While certainly not as good for you as the crunch of a good stalk of celery, bankers are also getting crunched by mobile security cyber incidents.
To get a better view on steps security professionals are taking to mitigate mobile threats, we looked at a survey by Verizon that found the following:
Almost 33% of respondents admit to having sacrificed mobile security to improve expediency and/or business performance. Of those, 38% say their organization is at significant risk from mobile threats. Further, 25% said that during the past year their company had experienced a security incident resulting in data loss or system downtime where mobile devices played a key role.
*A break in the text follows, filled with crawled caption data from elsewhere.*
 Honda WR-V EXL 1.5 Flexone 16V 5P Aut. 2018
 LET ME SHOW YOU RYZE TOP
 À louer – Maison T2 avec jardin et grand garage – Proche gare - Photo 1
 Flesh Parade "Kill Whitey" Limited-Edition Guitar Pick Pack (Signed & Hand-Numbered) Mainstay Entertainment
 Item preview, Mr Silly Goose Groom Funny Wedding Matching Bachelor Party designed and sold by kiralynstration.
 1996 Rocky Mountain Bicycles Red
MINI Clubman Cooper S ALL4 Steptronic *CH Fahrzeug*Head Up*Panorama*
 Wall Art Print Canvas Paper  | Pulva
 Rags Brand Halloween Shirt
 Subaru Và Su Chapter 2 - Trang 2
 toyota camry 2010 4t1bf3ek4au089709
Meanwhile, the Verizon report also detailed the following types of mobile threats that we thought bankers might like to know:
Denial of service: Jamming of wireless communications, overloading networks with bogus traffic, ransomware, or loss/theft of device.
Geolocation: Gathering data on location, infringing on the privacy of the individual.
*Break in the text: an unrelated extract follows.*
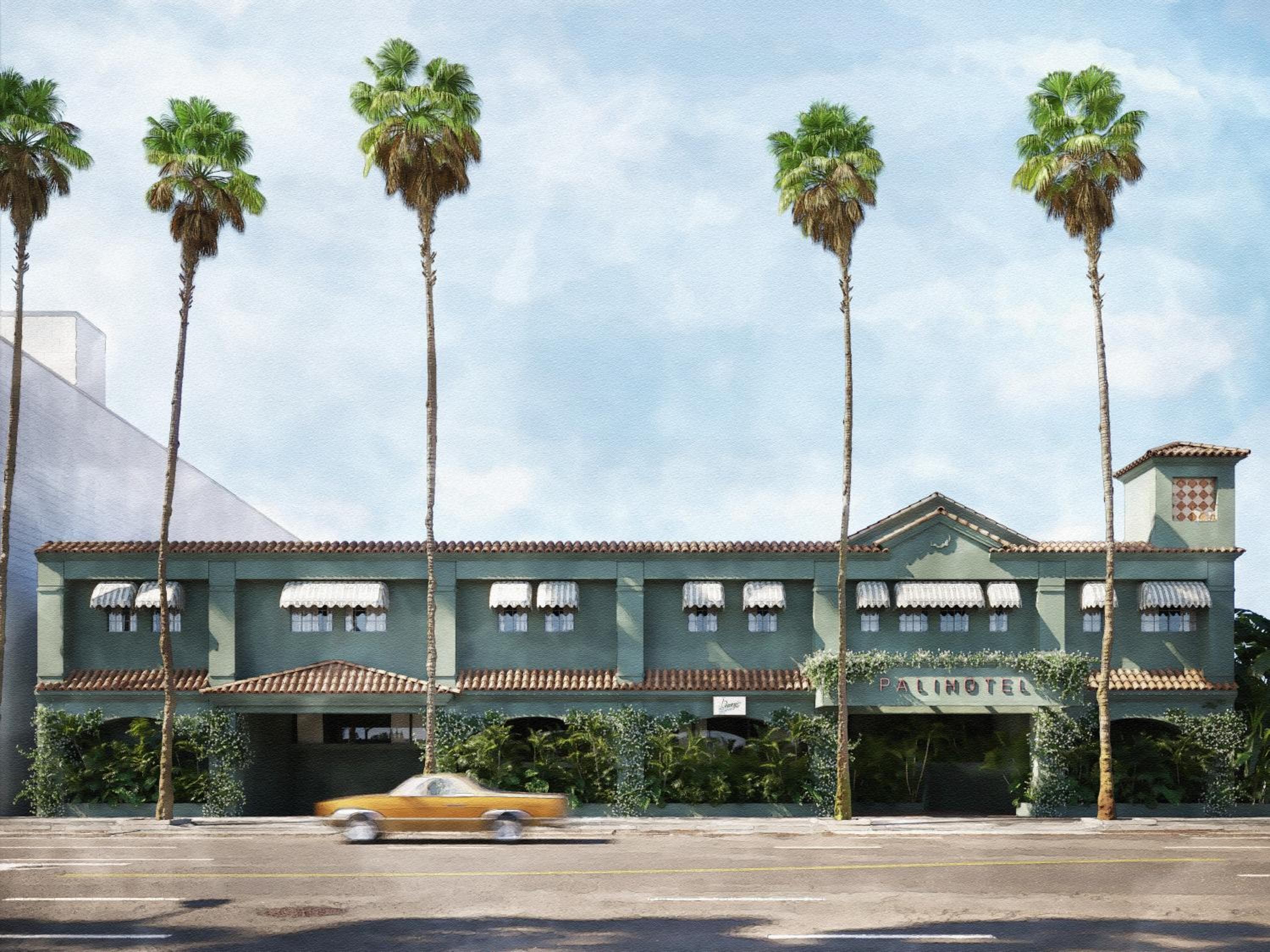 Palihotel Hollywood — 1
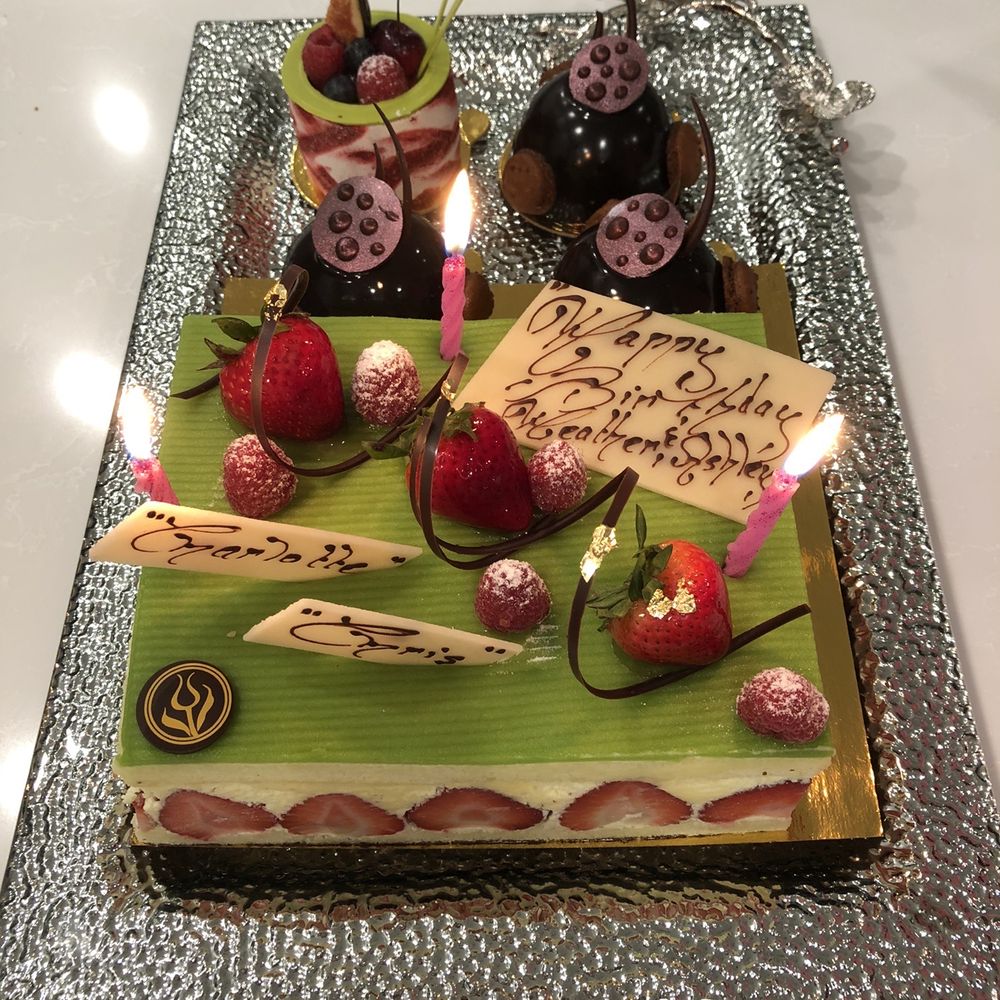 La Tulipe Desserts - Large cake and smaller desserts - delicious!! - Bakeries Near Me - Mount Kisco, New York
Information disclosure: Interception of data in transit, leakage or exfiltration of user, app or enterprise data, eavesdropping on voice or data communications, surreptitiously activating the phone's microphone or camera to spy on the user.
Spoofing: Email or text message pretending to be from a boss or colleague, fraudulent Wi-Fi access point, or cellular base station that mimics a legitimate one.
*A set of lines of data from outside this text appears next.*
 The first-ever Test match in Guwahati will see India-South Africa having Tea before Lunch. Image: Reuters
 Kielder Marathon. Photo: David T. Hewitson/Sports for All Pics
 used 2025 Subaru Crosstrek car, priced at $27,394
Tampering: Modifying data in transit, inserting tampered hardware or software into supply chain, repackaging legitimate app with malware, modifying network or device configuration (such as "jailbreaking" or "rooting" a phone).
Many factors also make mobile devices an appealing target. After all, there are more mobile devices, they have access to more data, and they are now critical to business operations. In this regard, the following practices could be a good start:
Apps: Reduce the risk of malicious and vulnerable applications by looking into creating a custom app store and vetting all apps that are added to it.
Segmentation: Improve device management by automating it as much as possible. This includes deploying mobile endpoint security/threat detection and implementing device segmentation, keeping personal and work data and applications separate.
Ambassadors: Train "security ambassadors" within the bank to act as champions for improved mobile security.
As mobile adoption continues, banks should continue to monitor changes to keep up. Having the right practices and processes in place, and refining them along the way, will ensure your bank and your customers remain well protected and less crunched by mobile cyber incidents.